Writes, smp_wmb(), and transitivity?
Paul E. McKenney
paulmck at linux.vnet.ibm.com
Mon Feb 15 12:35:12 PST 2016
On Mon, Feb 15, 2016 at 06:58:32PM +0000, Will Deacon wrote:
> On Mon, Feb 15, 2016 at 09:58:25AM -0800, Paul E. McKenney wrote:
> > Hello!
>
> Hi Paul,
>
> > Some architectures provide local transitivity for a chain of threads doing
> > writes separated by smp_wmb(), as exemplified by the litmus tests below.

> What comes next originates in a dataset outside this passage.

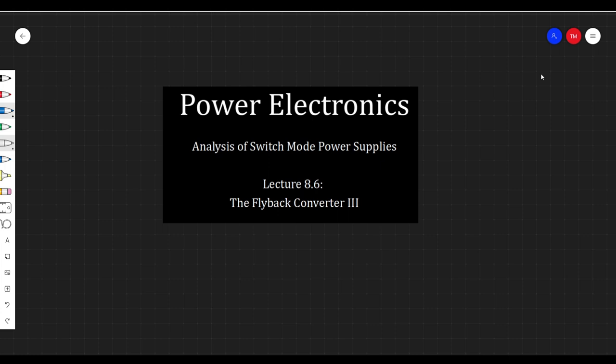Hey everyone, welcome back to Power Electronics. Today we're still talking about the flyback, so let's get right into it.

> > The pattern is that each thread writes to a its own variable, does an
> > smp_wmb(), then writes a different value to the next thread's variable.
> >
> > I don't know of a use of this, but if everyone supports it, it might
> > be good to mandate it. Status quo is that smp_wmb() is non-transitive,
> > so it currently isn't supported.
> >
> > Anyone know of any architectures that do -not- support this?
> >
> > Assuming all architectures -do- support this, any arguments -against-
> > officially supporting it in Linux?
> >
> > Thanx, Paul
> >
> > ------------------------------------------------------------------------
> >
> > Two threads:
> >
> > int a, b;
> >
> > void thread0(void)
> > {
> > WRITE_ONCE(a, 1);
> > smp_wmb();
> > WRITE_ONCE(b, 2);
> > }
> >
> > void thread1(void)
> > {
> > WRITE_ONCE(b, 1);
> > smp_wmb();
> > WRITE_ONCE(a, 2);
> > }
> >
> > /* After all threads have completed and the dust has settled... */
> >
> > BUG_ON(a == 1 && b == 1);
>
> My understanding is that this test, and the generalisation to n threads,
> is forbidden on ARM. However, the transitivity of DMB ST (used to
> construct smp_wmb()) has been the subject of long debates, because we
> allow the following test:
>
>
> P0:
> Wx = 1
>
> P1:
> Rx == 1
> DMB ST
> Wy = 1
>
> P2:
> Ry == 1
> <addr dep>
> Rx == 0
>
>
> so I'd be uneasy about saying "it's all transitive".
Agreed! For one thing, doesn't DMB ST need writes on both sides?
But that is one reason that I am only semi-enthusiastic about this.
The potentially locally transitive case is -very- restrictive, applying
only to situations where -all- accesses are writes.